UHCL researcher: E. coli levels fall in new test of Clear Lake waters

September 13, 2017 | Jim Townsend

UHCL researcher: E. coli levels fall in new test of Clear Lake waters

E. coli bacteria levels in Clear Lake have fallen to levels well below federal safety thresholds, says a University of Houston-Clear Lake microbiologist who has been testing the waters since Tropical Storm Harvey flooding.

The Environmental Protection Agency sets standards of acceptable levels of fecal indicator bacteria in fresh waterways. Escherichia coli – E. coli for short – and other coliform bacteria are produced from the feces of warm-blooded animals, including humans.

Under the direction of Assistant Professor of Microbiology Michael LaMontagne, students in his research-intensive Environmental Microbiology class collected samples from six locations around Clear Lake. In those samples, E. coli bacteria ranged from 488 to 1,733 most probable number of colony-forming units per 100 milliliters. Colony-forming units, or CFUs, estimate the number of viable bacteria cells that have the ability to multiply. EPA’s statistical threshold value for recreational freshwater is 320 cfu/100 mL.

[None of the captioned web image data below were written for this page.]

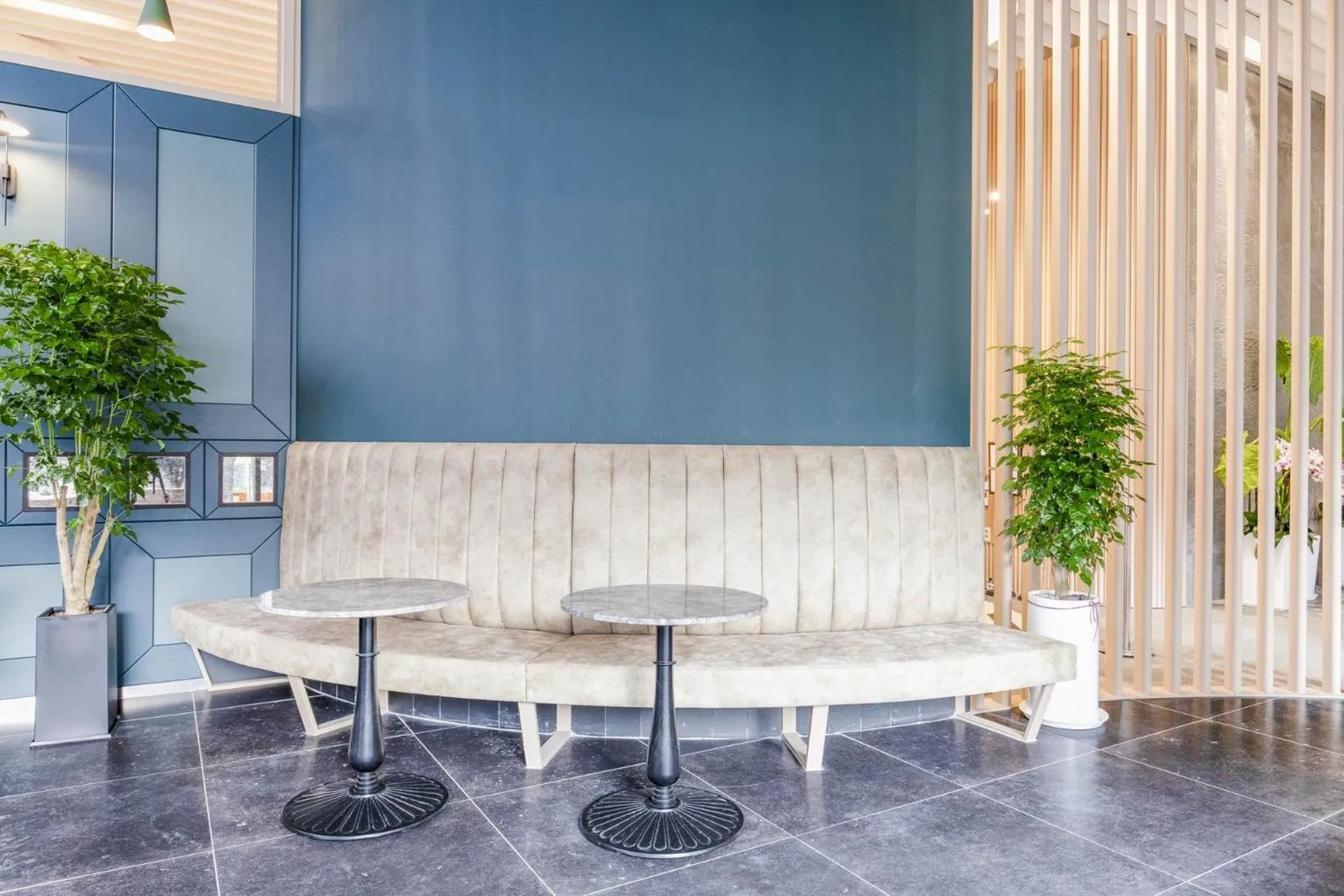 Seating area in Hotel Elora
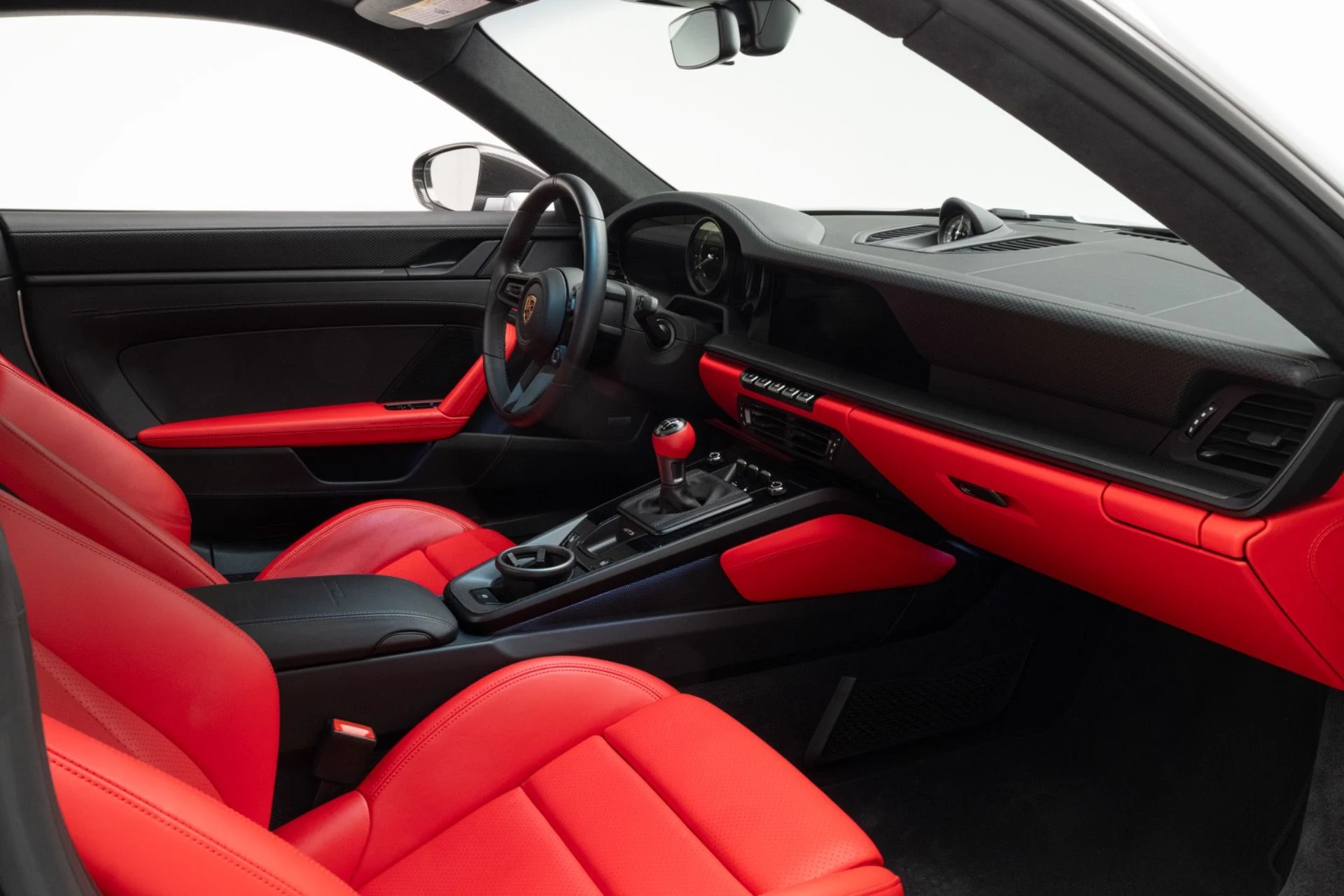 mph028_3338621993_Used_2024_Porsche_911_GT_3_Touring_1776272103_44c3230632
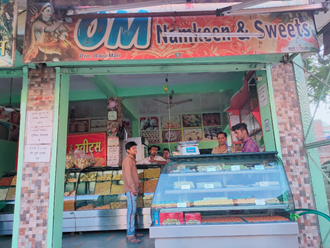 Om-Namkeen-and-Sweets-In-Mandsaur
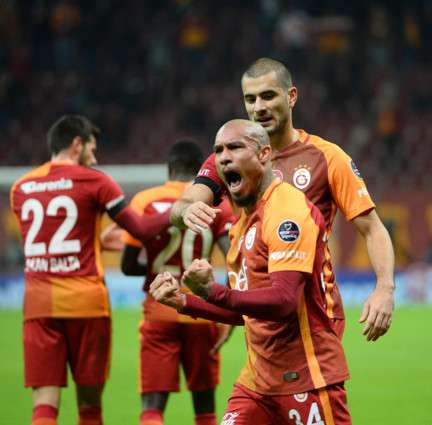 فرحة لاعبي جلطة سراي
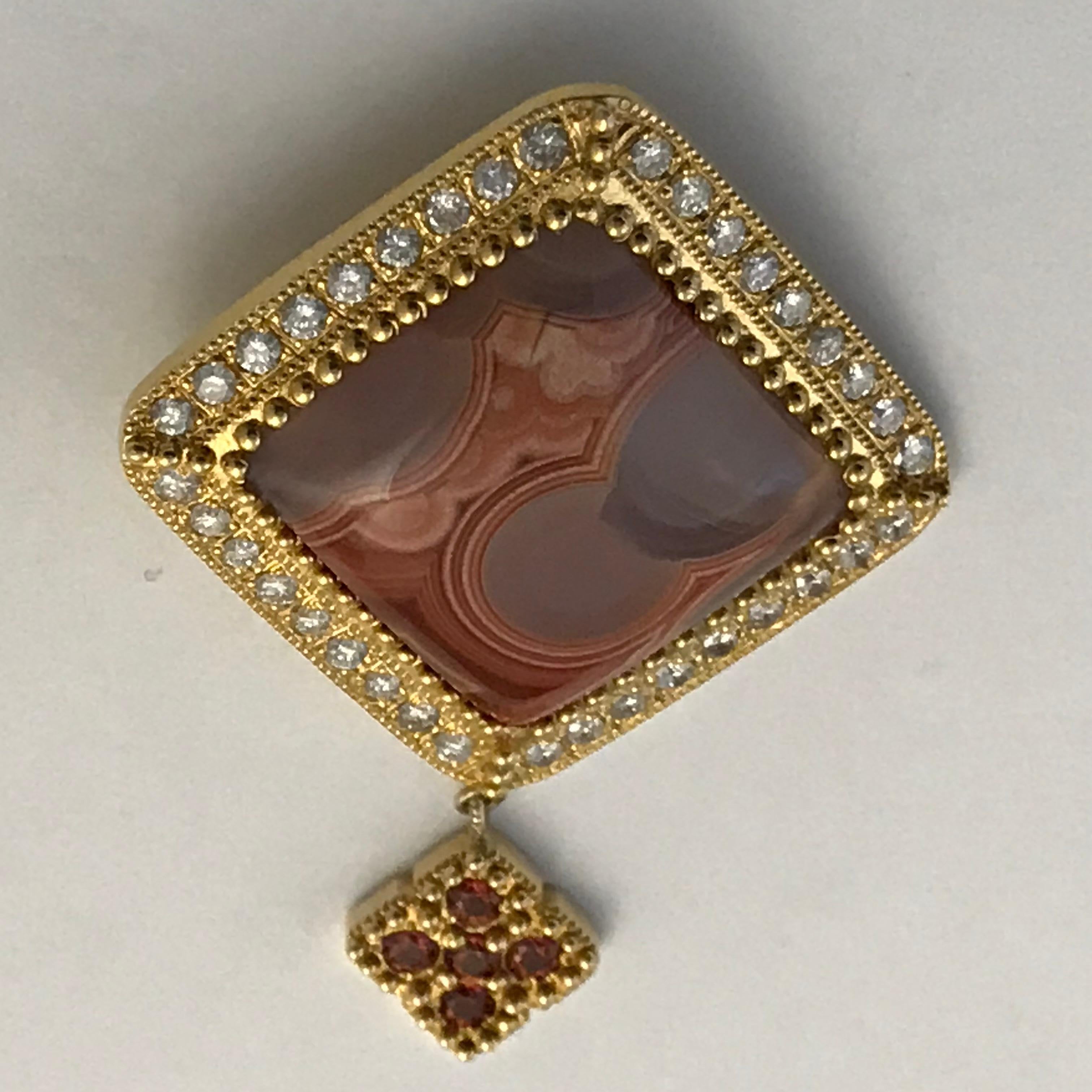 Lacuna Agate Pendant in 14 Karat Gold and Diamonds For Sale 2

LaMontagne’s students collected new samples from the same sites on Sept. 8. The number of E. coli cells fell levels fell to levels that are considered safe for recreational use, ranging from a low of 4 to 69 cfu/100 mL.

“Things are looking better,” LaMontagne said.

However, he emphasized the value of continued research. “Rising sea levels and warming tropical waters may double the frequency of coastal flooding in the next few decades. We need to develop protocols to both assess the health risks associated with these events and implement long-term monitoring and rapid-response protocols.”

LaMontagne collaborating on the project with George Guillen, associate professor of biology and environmental science at UHCL and executive director of the Environmental Institute of Houston. Other collaborators include Associate Professor Terry Gentry at Texas A&M University and Associate Professor the Michael Allen at the University of North Texas Health Science Center.